------ DATA UNDER STUDY ------
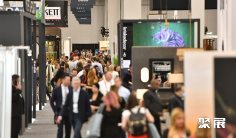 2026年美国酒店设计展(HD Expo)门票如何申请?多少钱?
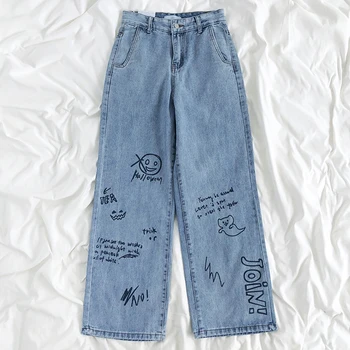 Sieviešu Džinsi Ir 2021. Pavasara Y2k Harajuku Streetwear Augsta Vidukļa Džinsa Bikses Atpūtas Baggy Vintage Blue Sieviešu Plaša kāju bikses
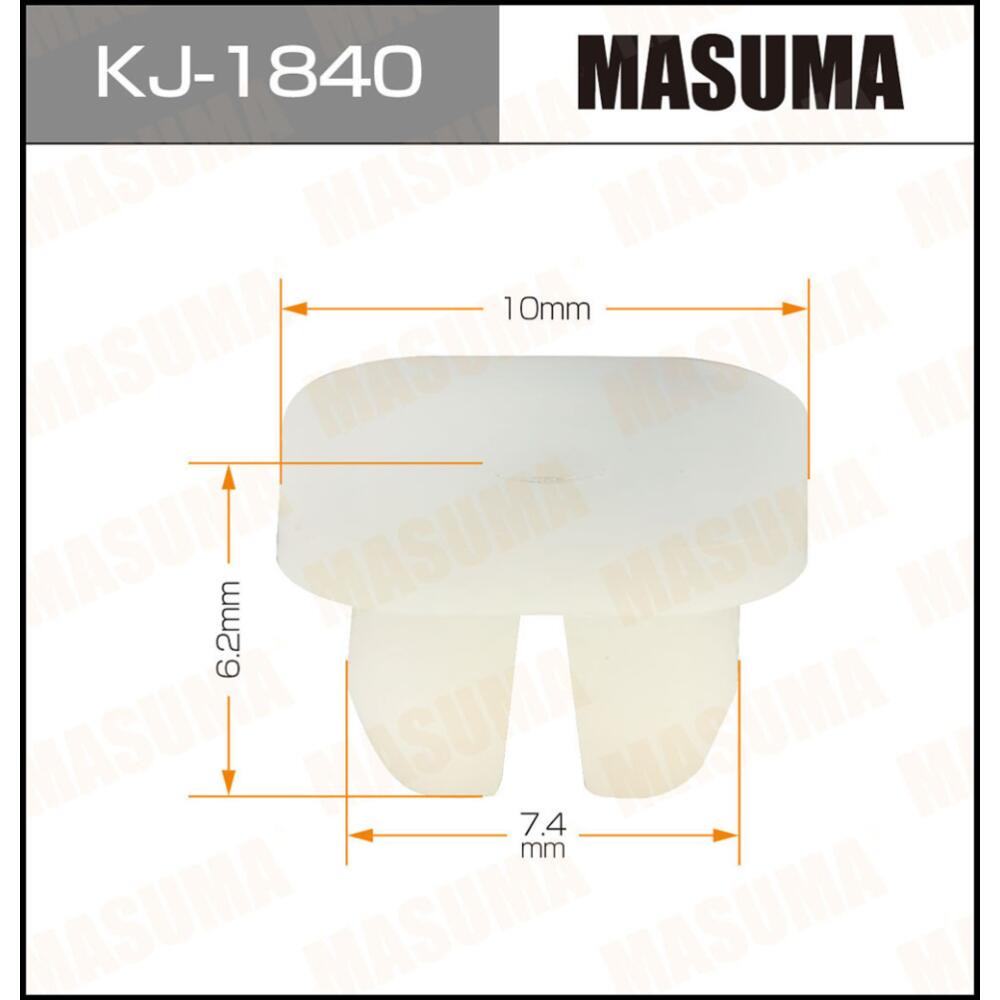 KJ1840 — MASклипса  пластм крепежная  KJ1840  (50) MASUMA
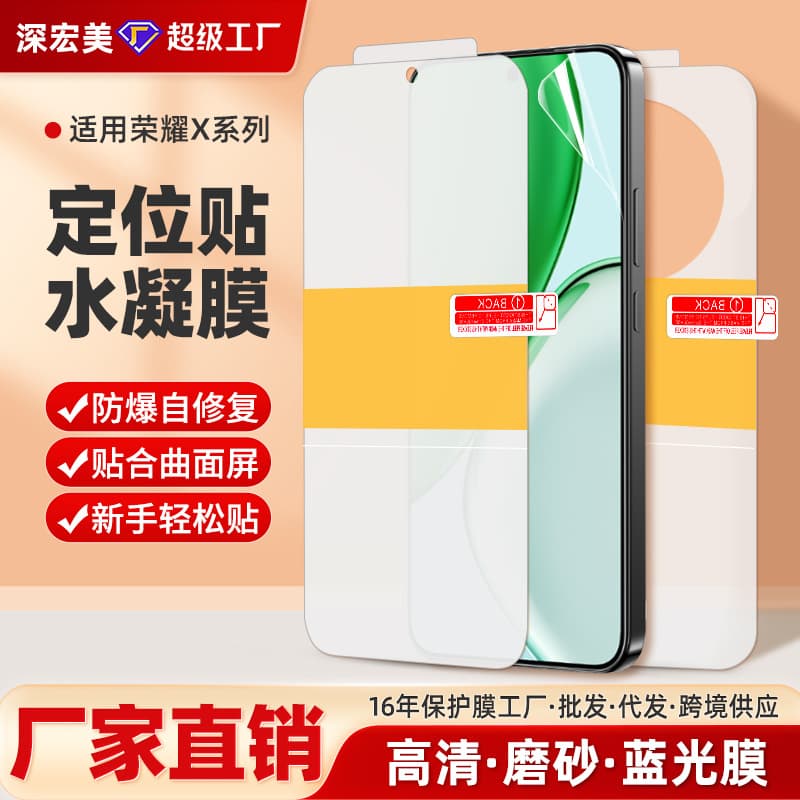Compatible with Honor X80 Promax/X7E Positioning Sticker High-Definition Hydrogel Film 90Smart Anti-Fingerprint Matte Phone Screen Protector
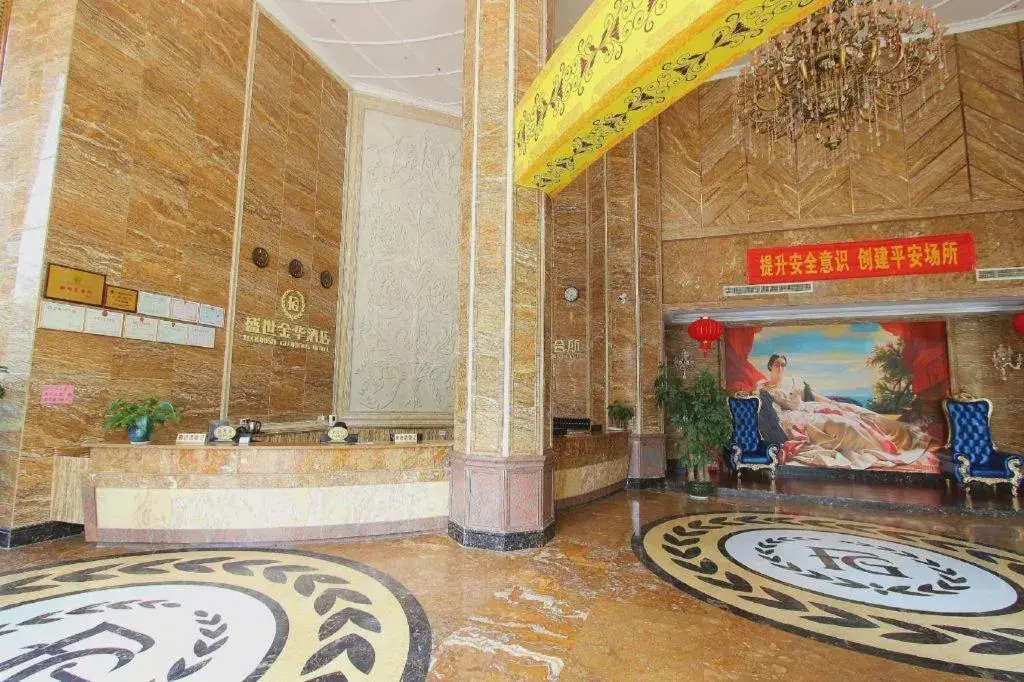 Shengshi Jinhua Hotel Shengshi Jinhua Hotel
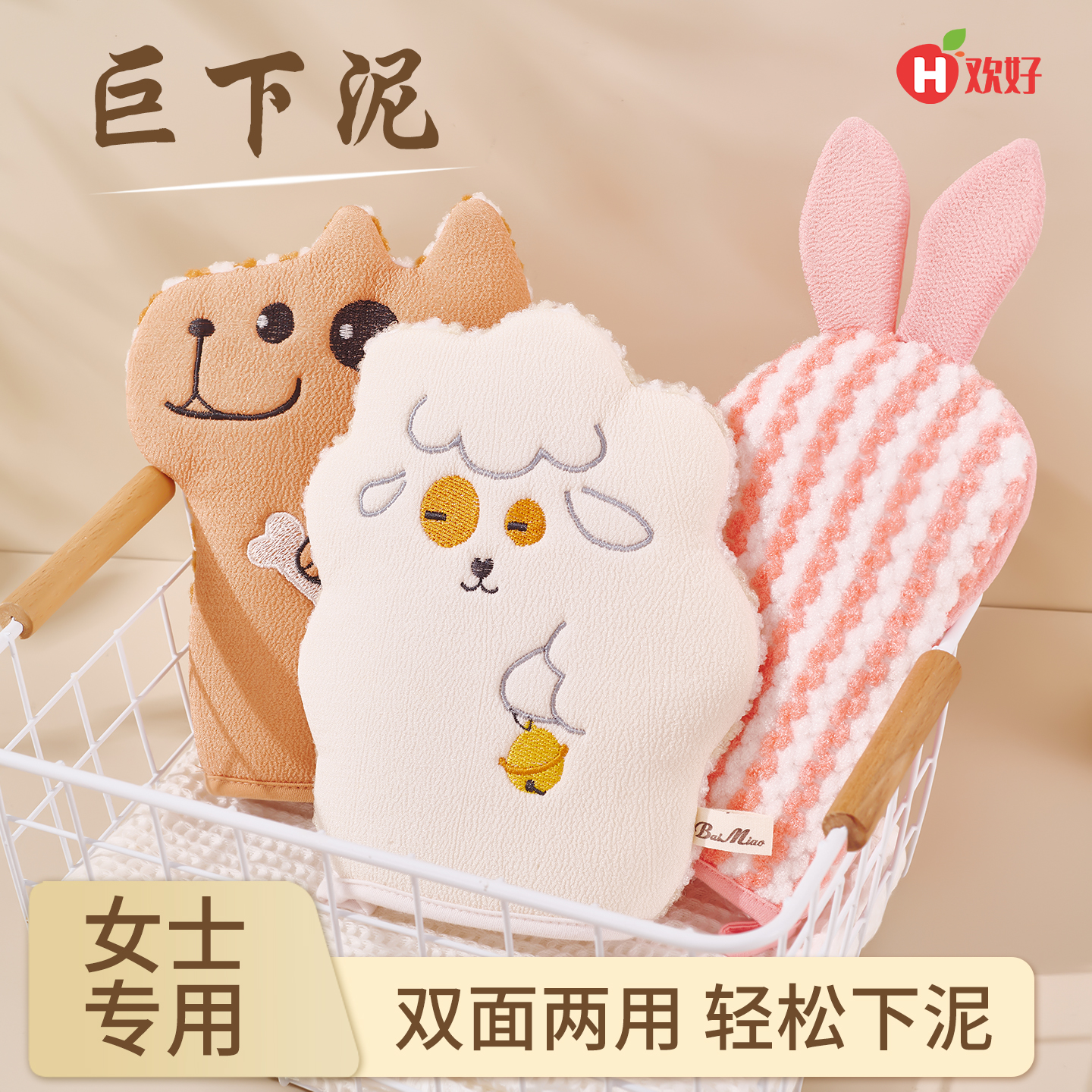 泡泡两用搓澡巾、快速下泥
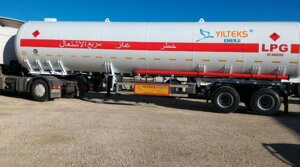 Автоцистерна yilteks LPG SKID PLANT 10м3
------
WORK REQUEST ::
The entries are to be printed exactly as written; the pictures are to be left out.

ANSWER BELOW ::
 2026年美国酒店设计展(HD Expo)门票如何申请?多少钱?
 Sieviešu Džinsi Ir 2021. Pavasara Y2k Harajuku Streetwear Augsta Vidukļa Džinsa Bikses Atpūtas Baggy Vintage Blue Sieviešu Plaša kāju bikses
 KJ1840 — MASклипса  пластм крепежная  KJ1840  (50) MASUMA
Compatible with Honor X80 Promax/X7E Positioning Sticker High-Definition Hydrogel Film 90Smart Anti-Fingerprint Matte Phone Screen Protector
 Shengshi Jinhua Hotel Shengshi Jinhua Hotel
 泡泡两用搓澡巾、快速下泥
 Автоцистерна yilteks LPG SKID PLANT 10м3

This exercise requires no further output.